Task statement: Copy out the data in full and exactly, passing over the pictures.

Data for analysis:
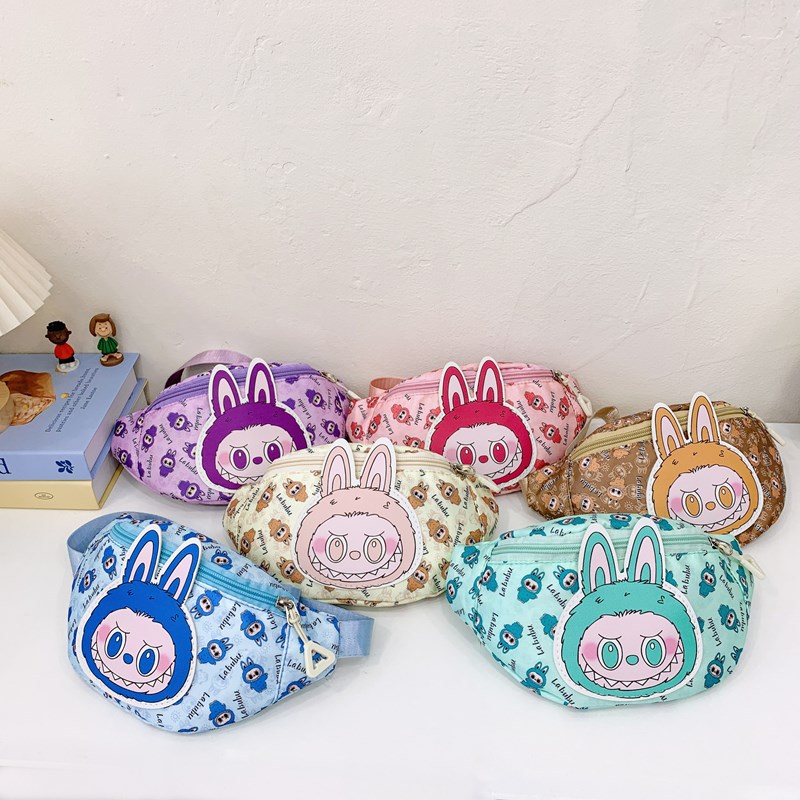 2024 Winter new cute cartoon children's waist bag, crossbody Oxford fabric portable Korean-style small chest bag outfit full figure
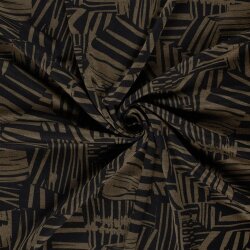 Polyester Viskose Mix Streifen Formen - kaltbraun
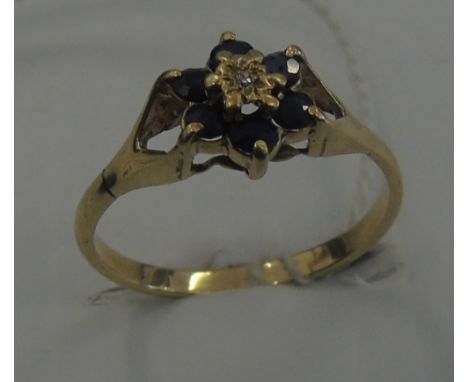 A 9ct Gold Gem Set Ring (marks rubbed).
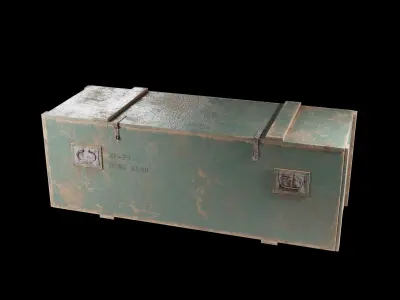 Plywood transport crate with 3 texture variations 3D model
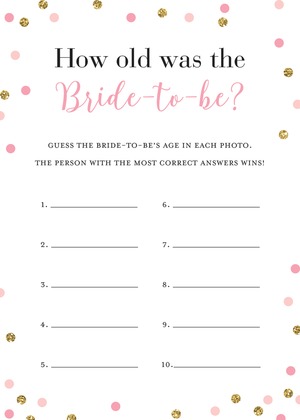 Pink Faux Gold Glitter Dots Bridal Bingo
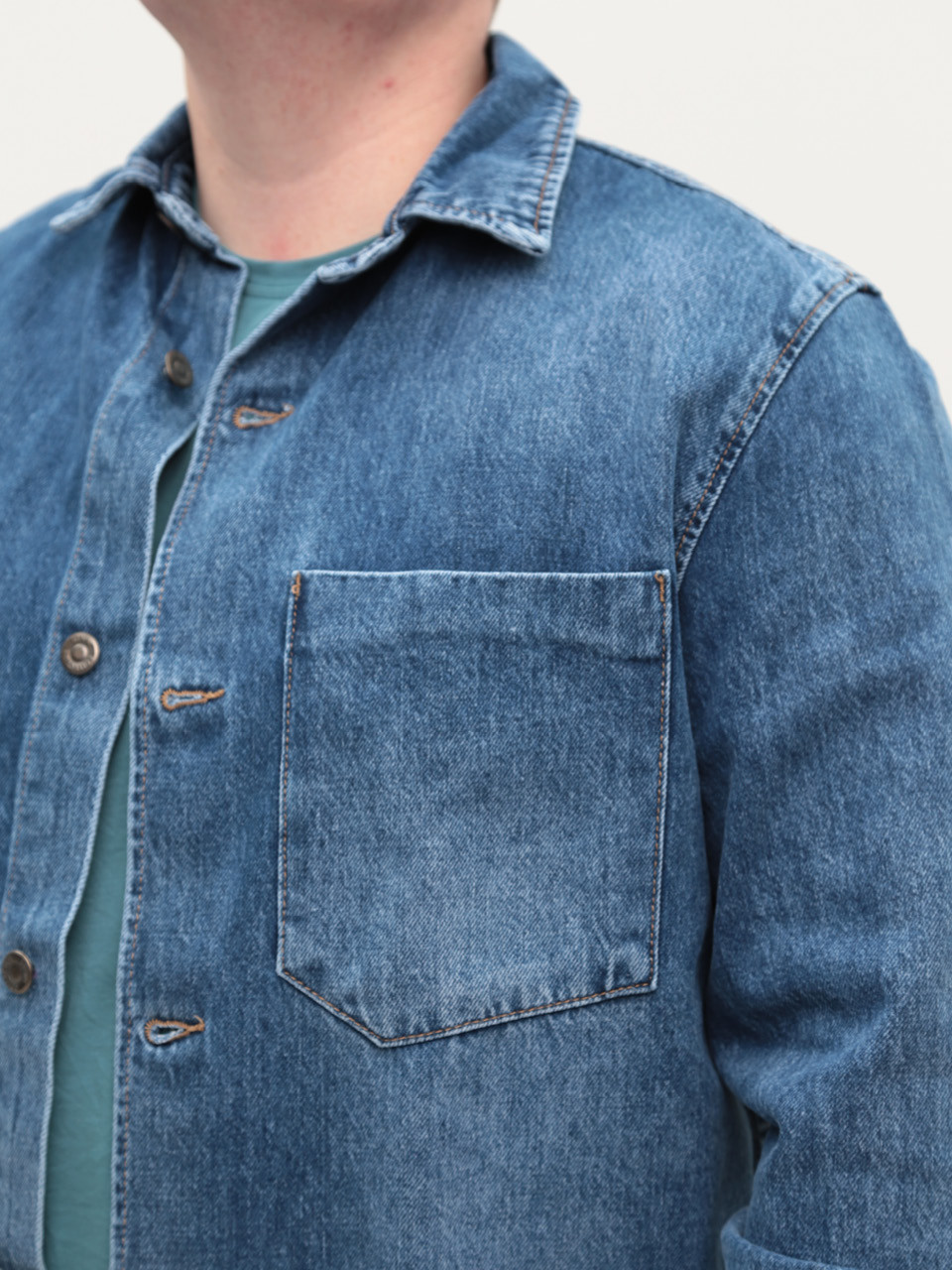 Куртка-рубашка мужская джинсовая синяя 80866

Answer to the exercise:
 2024 Winter new cute cartoon children's waist bag, crossbody Oxford fabric portable Korean-style small chest bag outfit full figure
 Polyester Viskose Mix Streifen Formen - kaltbraun
 A 9ct Gold Gem Set Ring (marks rubbed).
 Plywood transport crate with 3 texture variations 3D model
 Pink Faux Gold Glitter Dots Bridal Bingo
 Куртка-рубашка мужская джинсовая синяя 80866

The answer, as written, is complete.